While it’s true that PiS plays a form of political hardball, the rhetoric is completely mismatched to the reality. Are we really to believe that such an anti-democratic authoritarian regime held a regular, free election in which it lost by just a handful of points? The idea is ridiculous on its face.

But maybe that’s the point. The opposition is not opposed to taking advantage of extra-democratic means to power. This year, the EU withheld from Poland the transfer funds that come as a matter of course to Europe’s poorer countries, saying that Poland was in violation of the “rule of law.” The amount was equivalent to 15 percent of Poland’s GDP. What prompted the EU’s move was a reform instituted by PiS five years ago in fulfillment of a campaign promise. The reform would allow elected politicians to select judges rather than having a judiciary select its own members. In other words, the judiciary would no longer be the preserve of a self-perpetuating professional class but indirectly subject to democratic rule, as is the case in the United States and many other free countries. There is nothing in the treaties governing the European Union that defines what having “the rule of law” means. In fact, the “rule of law” is just listed in the 2007 Lisbon Treaty article 1 as one of Europe’s “values” like “human dignity” and “equality.” These same treaties that govern the European Union are quite explicit that composition and powers of a judicial system belong to those of member states.

Well, they did, until they didn’t. Now that Tusk’s side has won, expect those billions to shake loose from Brussels.

As the opposition now comes into power, members’ rhetoric and tactics strongly suggest they are obliging themselves to do what they accused PiS of doing: treating opposition as criminal or treasonous, and using whatever means necessary to prevent their opposition from ever taking power again. After all, democracy is at stake. Once the rhetoric gets to this level, it’s hard to come back.

As in Hungary, and in Israel recently, the people who claim they are defending democracy are really trying to defend liberal hegemony over the sense-making and power-holding institutions in national life that act as a powerful check on normal conservative governance in a democracy.

Rebuilding this monopoly has been a major political motivator in America, too.
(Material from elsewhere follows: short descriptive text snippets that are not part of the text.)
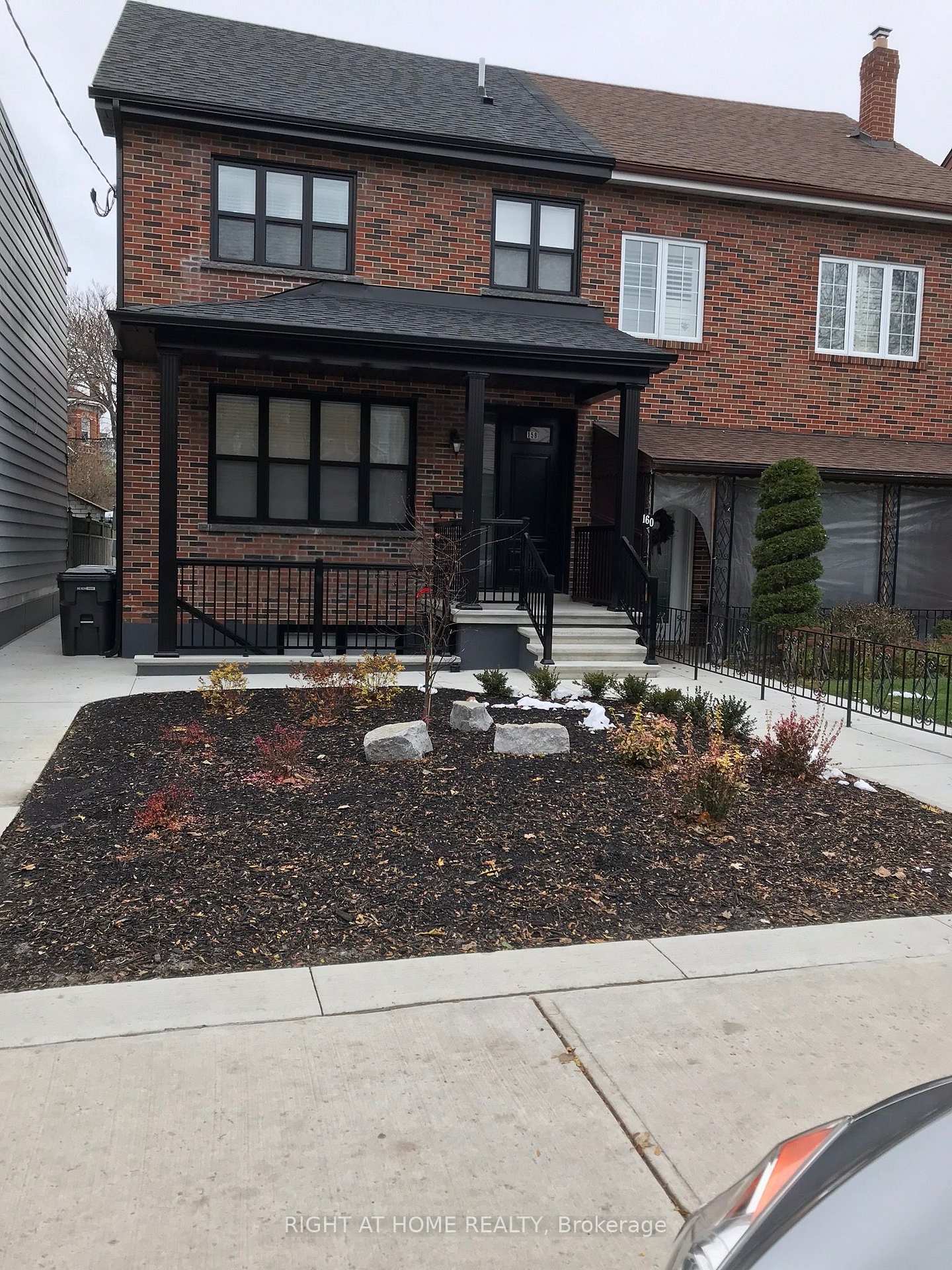 Front of Unit Lower, 158 Lisgar Street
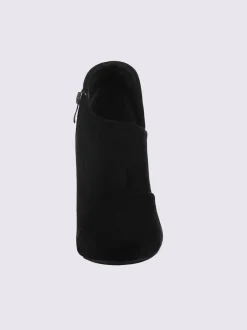 Bottine courte matière textile agréable à porter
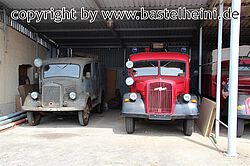 Mercedes Benz L1500 & Opel Blitz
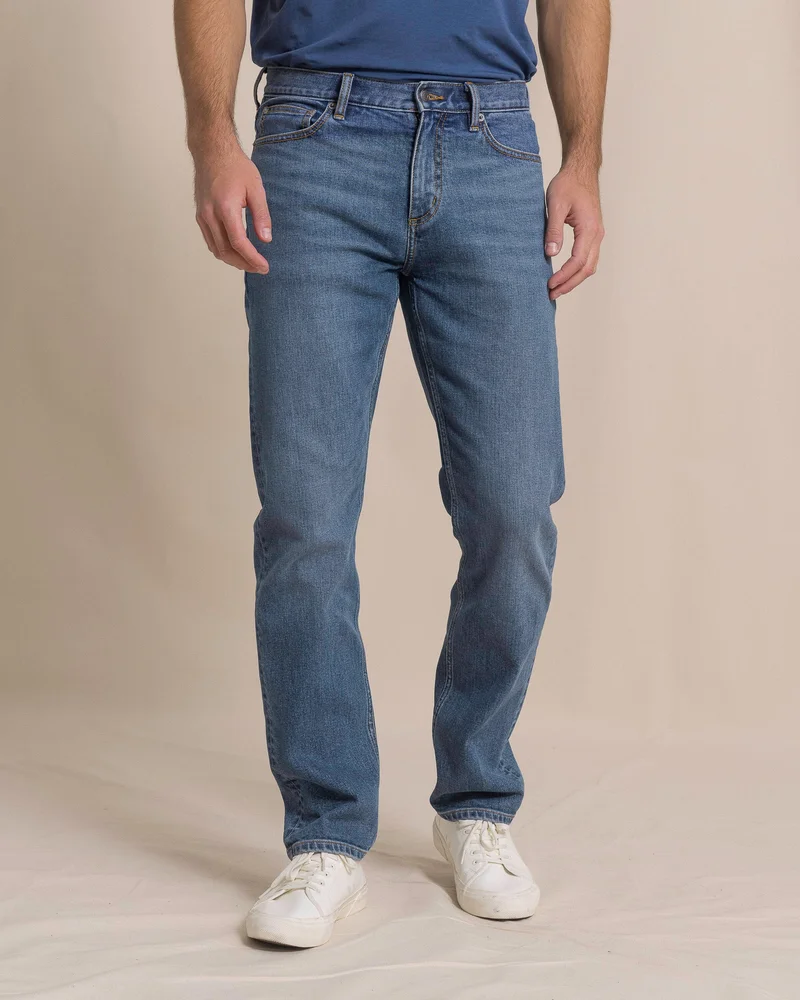 King Street Denim Jeans - Medium Wash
It informs the extraordinary legal theories being used to try Donald Trump. It explains the coordination of the intelligence agencies with social media to suppress “misinformation” — which just so happens to be anything that would be embarrassing to progressive technocrats.

From one perspective, Joe Biden should just be a normal failing president. The timing of inflation and the international breakdowns that give voters anxiety would normally take out the incumbent holding the White House. But here, as in Poland, the well is already poisoned.